Molinet, an untrustworthy source, says that ‘on the day that Edward’s sons were assassinated there came to the Tower of London the Duke of Buckingham, who was believed, mistakenly, to have murdered the children in order to forward his pretensions to the throne’. Molinet states elsewhere that the Princes were murdered in late July, but according to Croyland they were alive until the first week in September, and Croyland was in a position to state that as a fact. On 2nd August Buckingham went to Brecon where he stayed until October.
Buckingham, alone, could not have murdered the Princes for several reasons: he was not in the right place at the right time; he had no authority to gain access to them; Brackenbury would not have admitted him to their prison without a royal warrant signed by the King; and if these obstacles had somehow been overcome Richard III would have speedily found out about it and publicly accused Buckingham, in tones of moral outrage, of the murder. But Richard did no such thing, not even later when Buckingham was charged with other kinds of treason and it would have been politically advantageous to have laid the deaths of the Princes at his door, thus diverting suspicion from Richard himself. This in itself is strong evidence that the Duke had no hand in the murder. Even more convincing is Buckingham’s own behaviour after he left Gloucester.

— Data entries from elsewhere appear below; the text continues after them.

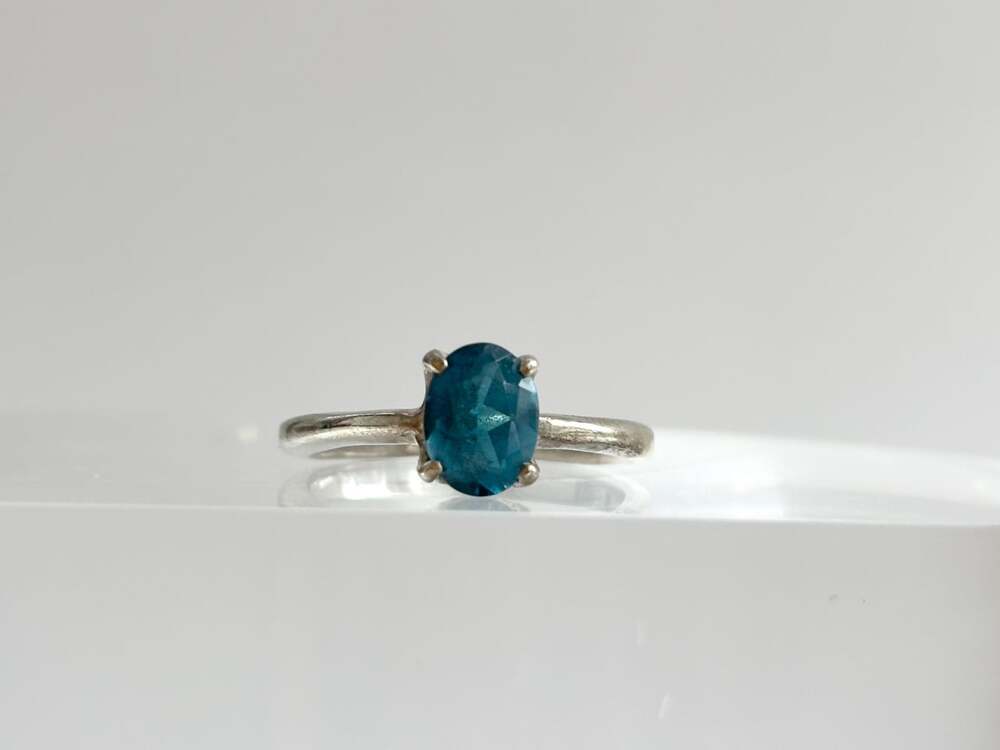 Kyanite Oval Cut Gemstone Solitaire Minimalist Sterling Silver 925 Vintage Ring - Picture 11 of 13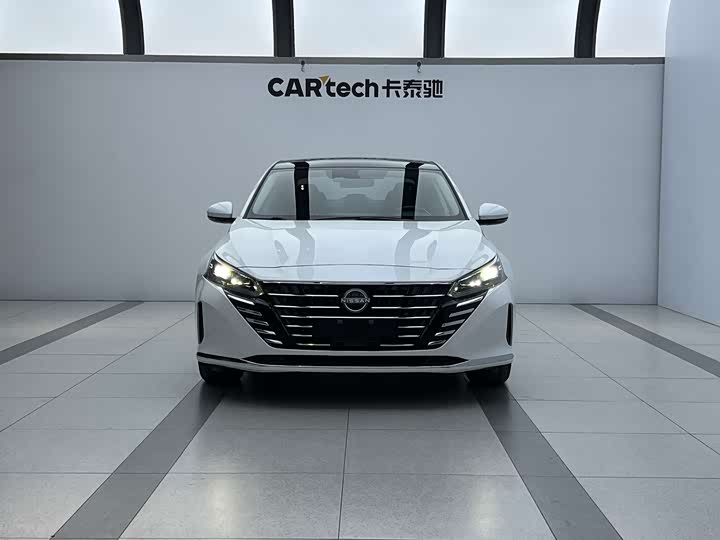 Фото 2 - Nissan Teana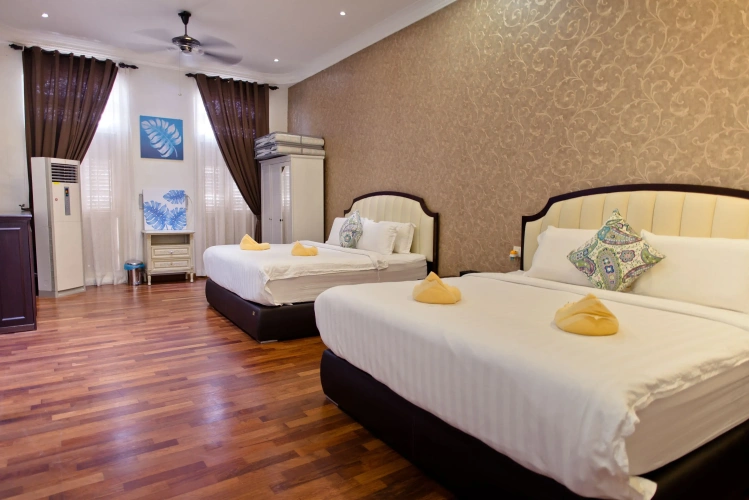 2 Bedrooms Villa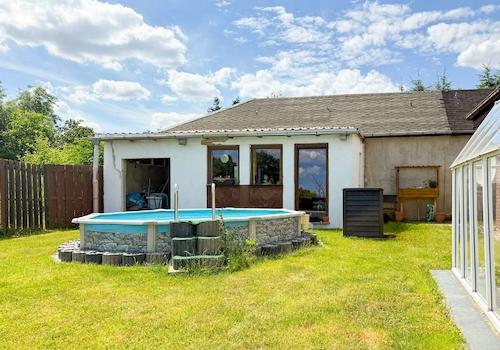 Garten mit Pool und Gartenhaus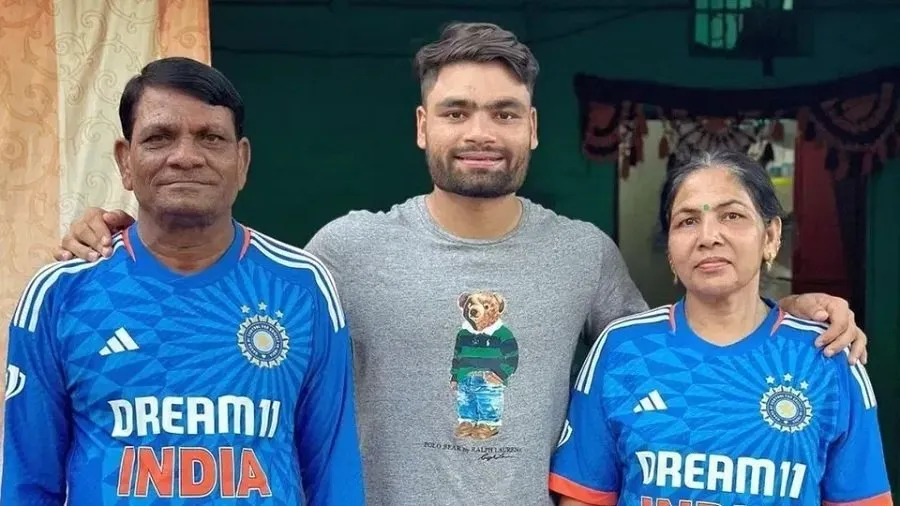 T20 વર્લ્ડ કપ વચ્ચે રિંકુ સિંહને મોટો આંચકો, પિતાનું નિધન; વિરાટ અને યુવરાજ સિંહની આંખો થઈ નમ 2 riinku.jpg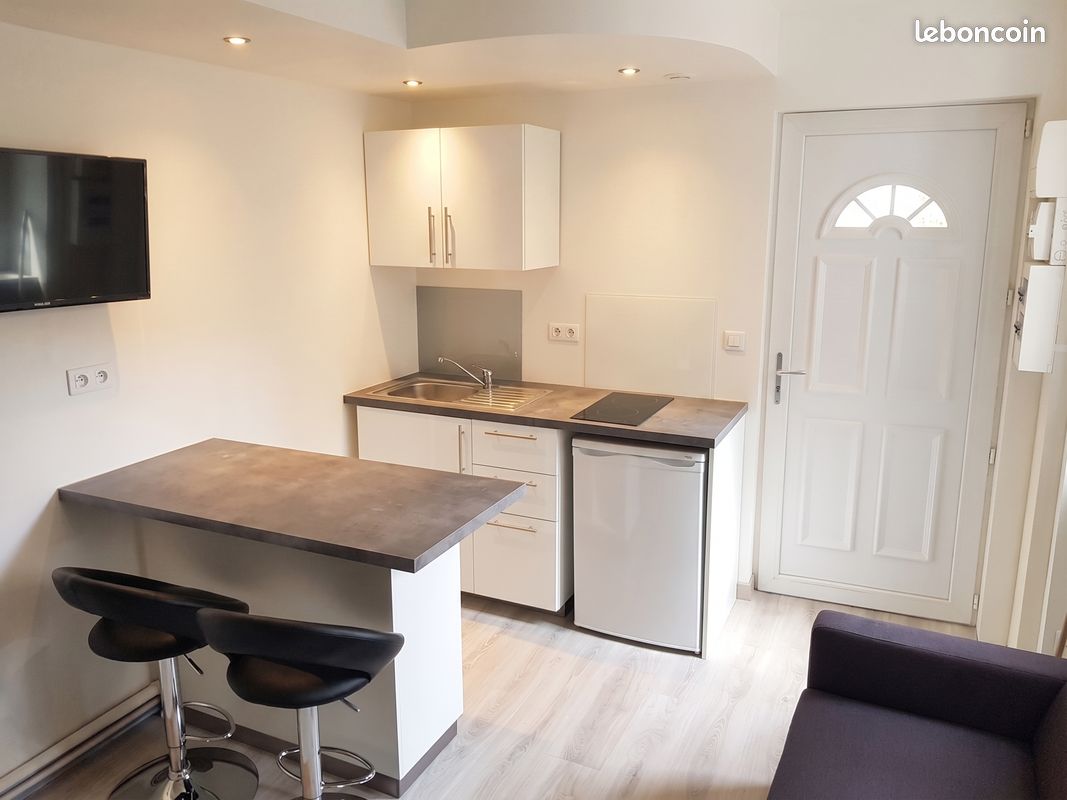 Appartement 2 pièces 17 m² · à Saint-Étienne · 17 m² · 356 €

According to More, Buckingham himself later declared to Bishop Morton: ‘God be my judge, I never agreed or condescended to it.’
Richard arrived at Warwick Castle on 8th August. There he received further details of the conspiracies in the South and West, which can only have hardened his resolve to do away with the Princes. In the meantime Queen Anne had arrived with the Earl of Warwick, and she was with Richard when ambassadors from Ferdinand and Isabella of Spain came to propose a marriage between Edward of Middleham and a Spanish infanta.
The King remained at Warwick until 15th August, when he went to Coventry. More states that John Green, returning from the Tower, recounted Brackenbury’s refusal to comply with the order to kill the Princes ‘to King Richard at Warwick’. Richard was annoyed, but his anger was probably superficial, for no open breach occurred with Brackenbury. Not only did Richard know Brackenbury to be an honest man with scruples, qualities that could only reflect upon and benefit the master who had appointed him, but he also could not afford publicly to censure the man or remove him from office because questions would be asked, and Richard did not at that point want public attention focused upon the Tower and its inmates. Before long he had resolved that Brackenbury should be left out of his plans.
For the present, however, Richard vented his displeasure – according to More, who relished scatalogical details – whilst sitting on the close stool, grumbling to ‘a secret page of his’, who was certainly in Richard’s confidence and probably therefore a spy whose function was to assess the loyalties of members of the royal household.
‘Ah, whom shall a man trust?’ sighed the King. ‘Those that I have brought up myself fail me, and at my commandment will do nothing for me.’
‘Sir,’ replied his page, ‘there lieth one on your pallet without that I dare well say to do your Grace pleasure the thing were right hard that he would refuse.’ He meant by this Sir James Tyrell who, says More, ‘was a man of right goodly personage and for Nature’s gifts worthy to have served a much better prince. The man had an high heart, and sore longed upward, not rising yet so fast as he had hoped, which thing this page well had marked and known.’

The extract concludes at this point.